Dans son école classée REP Plus, qui accueille 189 élèves – 171 dans les 7 classes de maternelle et 18 dans la TPS créée en septembre 2013 -, la directrice a pu mesurer les effets positifs de cette scolarisation précoce. «Nous y accueillons essentiellement des enfants primo-arrivants et issus de familles éloignées de l’école. Avec ceux qui ont rejoint cette année la petite section de maternelle, on a vu des différences sensibles : ils parlent beaucoup mieux, ils savent se comporter en collectif, connaissent les règles.

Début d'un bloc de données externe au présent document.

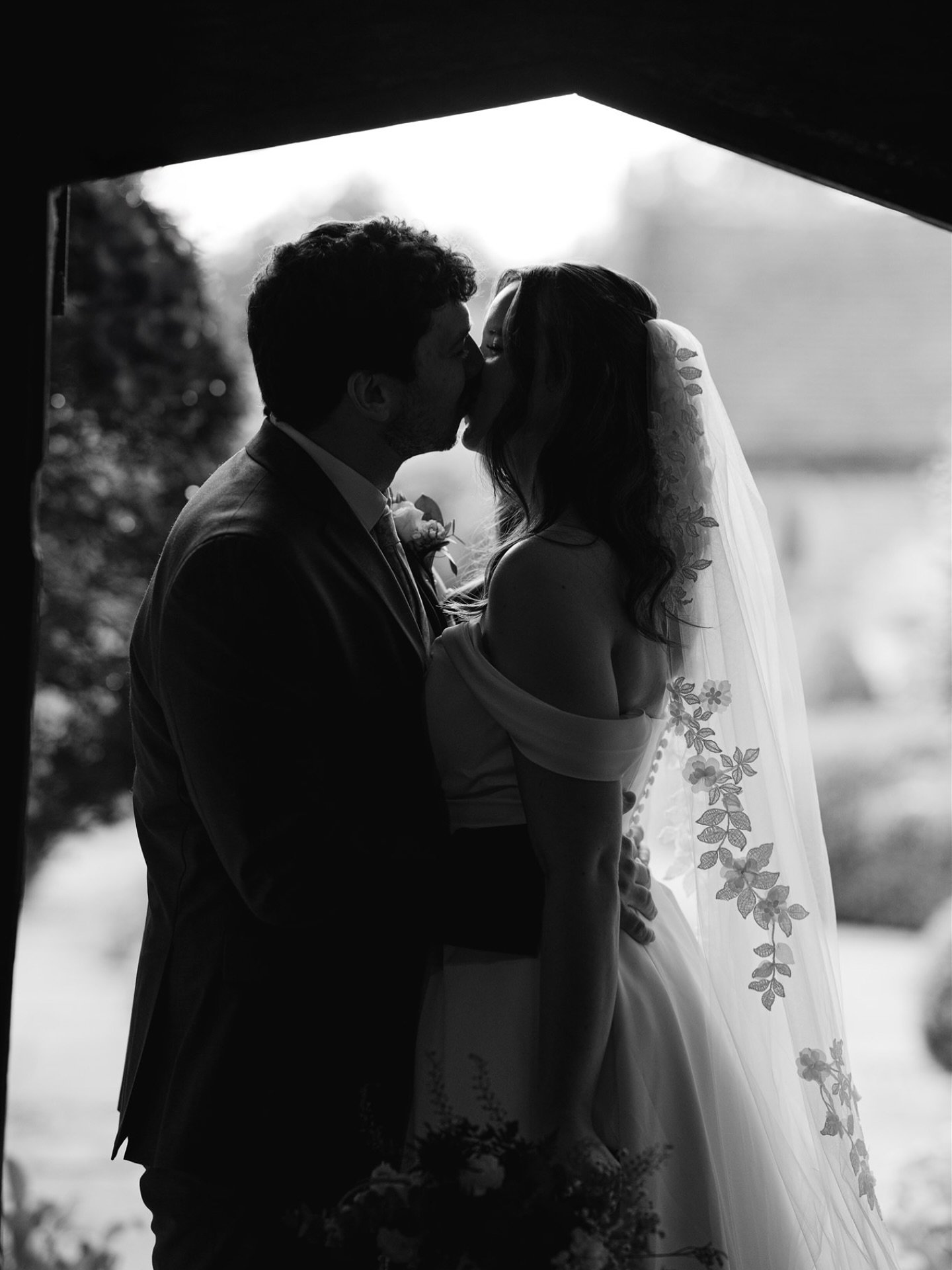 Emily and Elliot at Gorcott Hall, effortlessly stylish, endlessly in love.
⁠
They moved through the day with such joy and presence, fully in it with each other. The kind of couple who make you feel lucky to do this job.
⁠
@gorcotthall gave us its bes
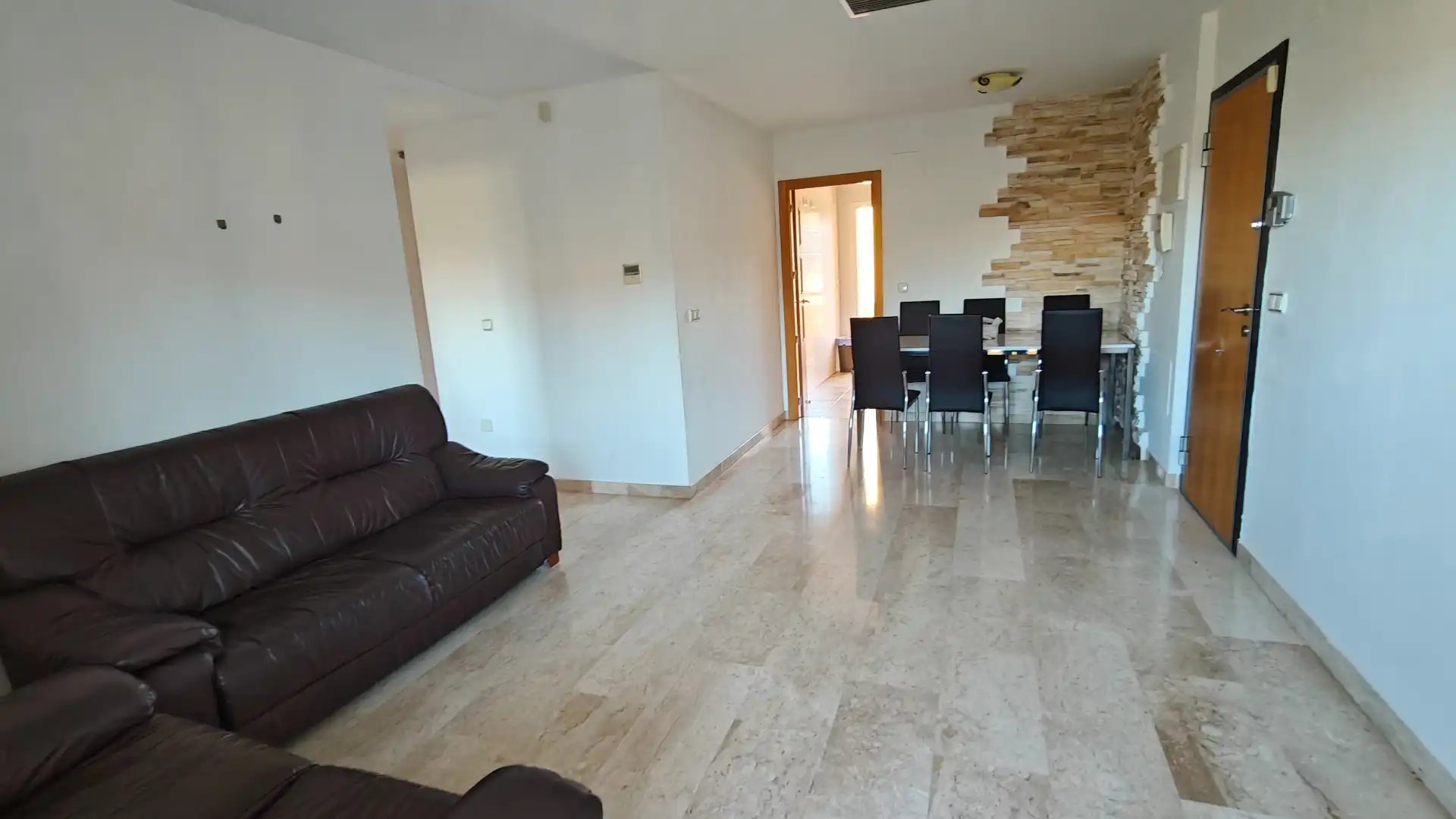 Apartament amb terrassa en venda a Calle Alcacil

Surtout on a su éveiller leur curiosité.»
I love you 93…
Tout ne serait donc question que de postes, de chiffres et de moyens pour faire réussir davantage d’enfants ? Et la pédagogie ? La directrice et militante syndicale se défend de n’avoir qu’une logique comptable. «Dans nos écoles particulièrement, il existe une vraie volonté de diversifier la pédagogie. Entre enseignants, nous tentons des choses en commun. Par exemple à Guy Môquet, nous misons sur le numérique et menons de nombreux projets. Grâce à des entreprises nous avons obtenu des ordinateurs, nous faisons un blog, une web radio… »
Son école n’est pas la plus mal lotie de Stains. Moderne avec de grandes vitres et des murs blancs, elle a la chance d’avoir une équipe jeune et stable. Elle bénéficie en outre de quatre Emplois Avenir professeurs – un dispositif mis en place par l’ex-ministre Vincent Peillon permettant à des étudiants voulant devenir profs de financer leurs études alors qu’ils n’en auraient pas eu les moyens.
Lilia Ben Hamouda conclut que «pour tout l’or du monde, elle ne partirait du 93» – «on y est plus soudés, on échange plus, il y a une vraie dynamique». Après avoir travaillé en Suède puis au Liban, elle a demandé à y revenir : «mais je le reconnais il faut une certaine force de caractère pour y rester». Heureusement, elle n’en manque pas.